STATEMENT BY SENATOR GEORGE R. METCALF, CHAIRMAN, NEW YORK STATE JOINT LEGISLATIVE COMMITTEE ON HEALTH INSURANCE PLANS

On behalf of the New York State Joint Legislative Committee on Health Insurance Plans, I am deeply honored at your invitation to present my views to you on this occasion.

In some ways, we face an embarrassment of riches, in this country, with regard to information about the extent to which the American people are covered by health insurance. A publication issued annually by the Health Insurance Institute, at 488 Madison Avenue, New York City, for example, provides abundant data as to the generally favorable extent, distribution and nature of the coverage in force and its growth in recent years.

However, the latest, 1963, issue of this publication devotes only 1 of its 88 pages to the extent to which this coverage is in force for persons aged 65 and According to this source:

over.

"At the end of 1952, the earliest year for which data are available, only 26 percent of the aged population were covered by some form of health insurance. This compares to 60 percent of the senior citizens with some form of health insurance protection at the close of 1962."

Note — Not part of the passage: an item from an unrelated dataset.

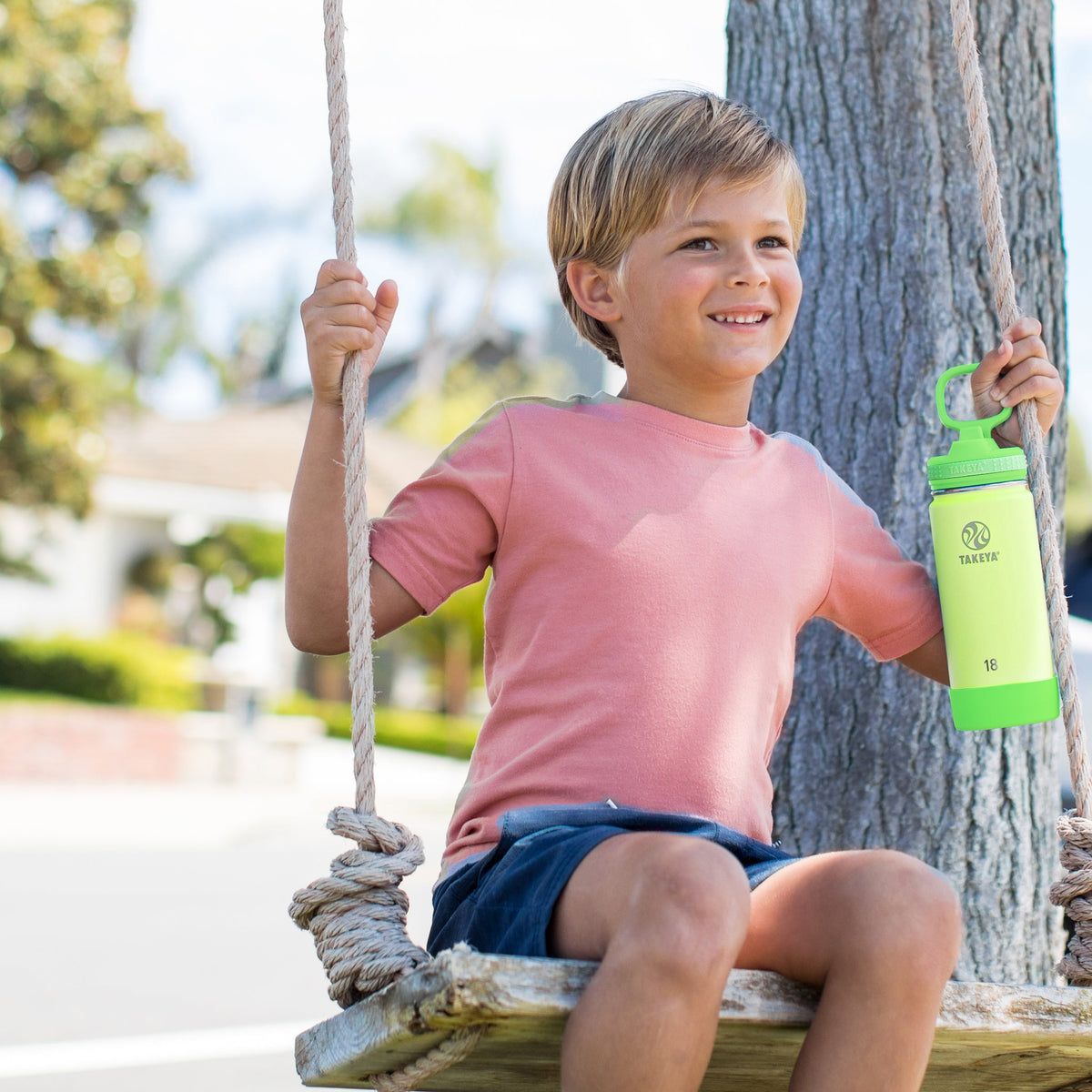 actives-kids-glow-in-the-dark-water-bottle-with-straw-lid-p6 51075-Actives-Kids-Straw-18-GID-LightningGreen-Lifestyle1.jpg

The HII pamphlet also contends that "the rate of growth of persons over 65 with some form of health insurance has increased much faster than those under 65.

"During the past 5 years alone, the proportion of those 65 and over with health insurance increased from 39 to 50 percent. The proportion of the population protected under 65 grew from 74 to 78 percent over the same 5-year span.”

On the fact of it, these figures seem reassuring. However, when we come to examine what is meant by the phrase, "some form of health insurance," the figures provide little cause for self-congratulation.

We do not know, for example, from the HII figures, how many oldsters in their totals are covered by a type of policy, for example, which pays $10 per day toward the cost of a hospital room for a maximum of 10 days-and nothing else. The Health Insurance Institute claims such policies are on their way out, which is probably true. But they had no information as to how many such policies were still in effect. We must therefore wonder what happens to an elderly person with such a policy who falls ill and requires hospitalization for, say, 30 days in an institution where the daily rate is about $35, which is not at all unusual. Such an individual may very well find his illness costing him a whopping $950 to be paid out of his own pocket for hospital room and board alone. Yet, an indeterminate number of such oldsters are included in the rosy statistical presentation of the Health Insurance Institute.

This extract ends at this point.